Methods: Calculation of globally optimal designs require the evaluation of an integral over the complete parameter space. In this work we compared the performance of the following four different numerical algorithms in computing ED optimal designs implemented in PopED [1]:

(I) Monte-Carlo integration with random sampling (MC-RS): integration is performed by sampling random parameter combinations, evaluating the integrand for those samples and averaging the results.
(II) Monte-Carlo integration with Latin hypercube sampling (MC-LHS): using stratified Latin hypercube instead of random samples.
(III) Laplace integral approximation (LAPLACE): integration is performed by finding the mode of the integrand and performing a second order Taylor expansion around this point [2].
(IV) Laplace integral approximation with BFGS Hessian (LAPLACE-BFGS): using the BFGS algorithm [3] to calculate an approximate Hessian during the maximization step of the LAPLACE.

A hypothetical experimental design for a drug following a simple one compartment model with IV bolus dosing, 20 individuals and 2 samples per individual was used for the comparison. Performance of the different methods was assessed in terms of optimal sampling points, runtime and objective function value. OFV obtained with MC-RS using 100,000 samples served as a reference for all methods. Variability of Monte-Carlo methods was evaluated by repeating computations for different number of random samples.

Results: Calculated OFV differed considerably between methods with the MC-LHS method being closer to the reference. Variability in OFV was higher for MC-RS than for MC-LHS and decreased with number of samples. However, optimal sampling points found by all methods were similar. In terms of runtime LAPLACE-BFGS performed best, followed by LAPLACE and the MC methods. For MC methods, runtime was proportional to number of random samples. Computations with MC-LHS were slightly slower than with MC-RS.

Conclusions: The LAPLACE method constitutes a fast alternative to computational intensive MC methods, however stability and application to non-normal priors has to be further investigated. Runtime of LAPLACE was further reduced by using an approximate BFGS Hessian.

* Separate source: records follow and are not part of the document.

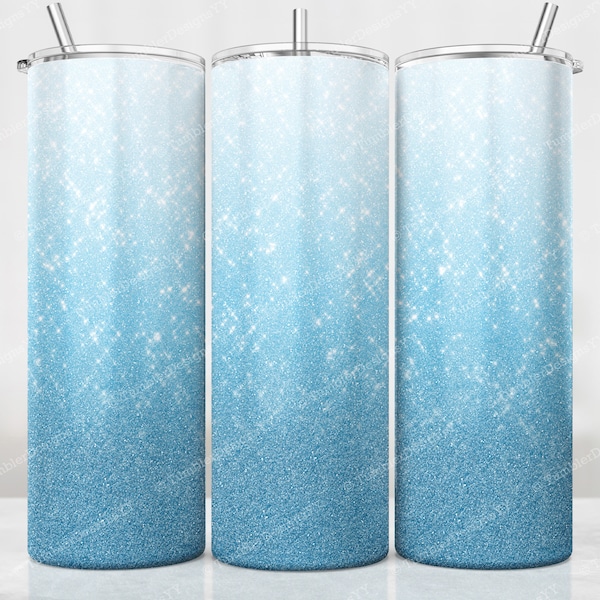 Baby Blue Glitter Tumbler Wrap, Blue Ombre Sublimation Design PNG, 20 oz Skinny Tumbler, White to Blue Glitter Tumbler PNG, Digital Download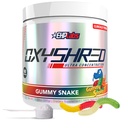EHP Labs OxyShred Pre Workout Powder - Preworkout Powder med L Glutamin & Acetyl L Carnitin, Energy Boost Drink - Gummy Snake, 60 Servering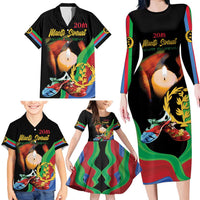 Personalized Eritrea Maelti Siwuat Family Matching Long Sleeve Bodycon Dress and Hawaiian Shirt Shida Shoes Glory To Our Martyrs Eritrea LT9 - Wonder Print Shop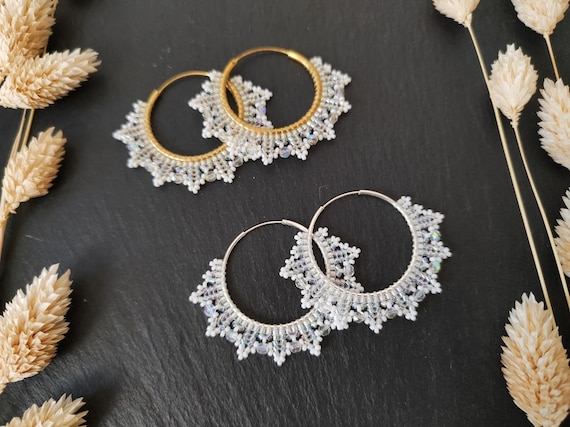 Handmade Hoop Earrings coburn in Crystal White Lightweight Brass and Silver Colored Earrings With Miyuki Delica Beads Etsy Canada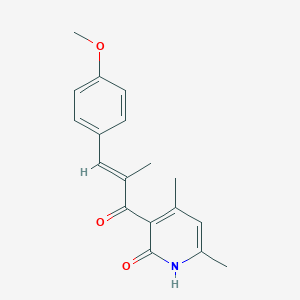 molecular formula C18H19NO3 B447214 3-[3-(4-methoxyphenyl)-2-methylacryloyl]-4,6-dimethyl-2(1H)-pyridinone 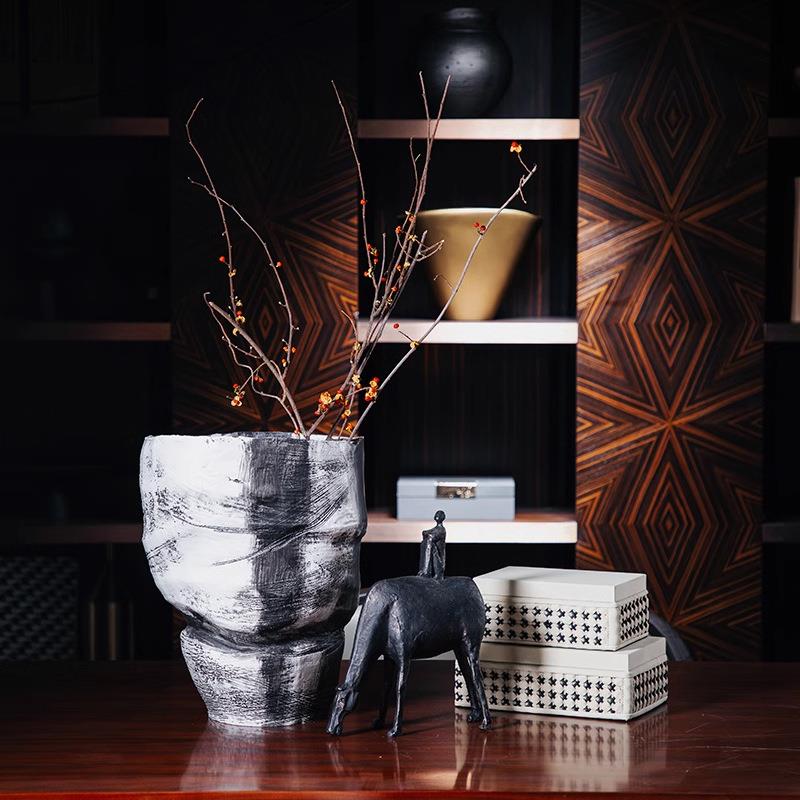 新中式创意树脂水墨花瓶软装样板房客厅茶几餐桌面插花器家居饰品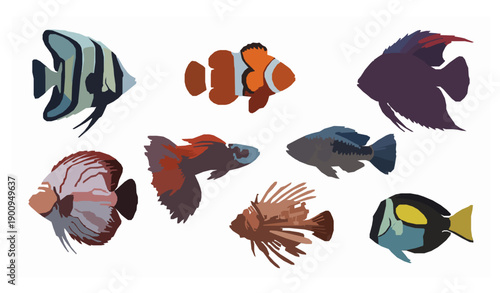 Colorful exotic aquarium fish vector set sea animals illustration isolated on white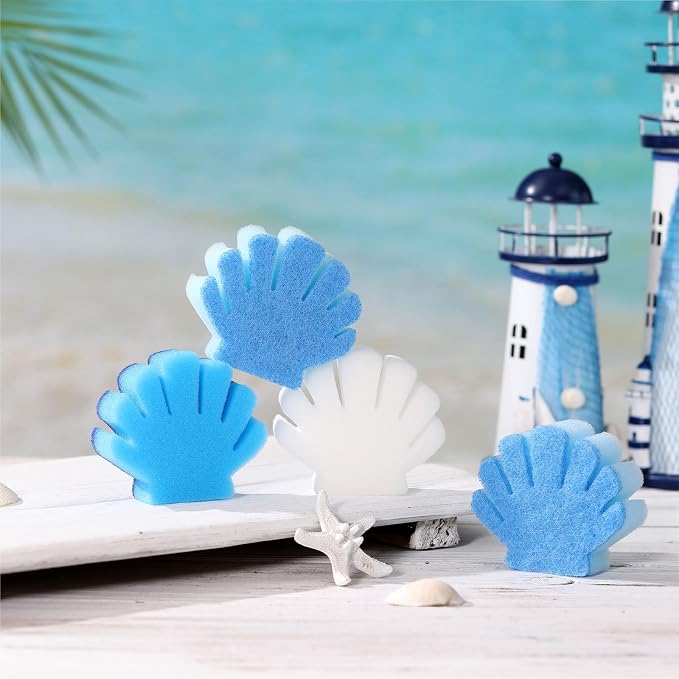 Tioncy 12 Pack Shell Kitchen Sponges Bulk Dual Sided Scrubber Summer Shell by Tioncy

[1] Foracchia M, Hooker A, Vicini P & Ruggeri A: POPED, a software for optimal experiment design in population kinetics, Computer Methods and Programs in Biomedicine, vol. 74, Apr. 2004, pp. 29-46.
[2] Dodds M, Hooker A & Vicini P: Robust Population Pharmacokinetic Experiment Design, Journal of Pharmacokinetics and Pharmacodynamics, vol. 32, Feb. 2005, pp. 33-64.
[3] C.G. Broyden: The Convergence of a Class of Double-rank Minimization Algorithms 1. General Considerations, IMA J Appl Math, vol. 6, Mar. 1970, pp. 76-90.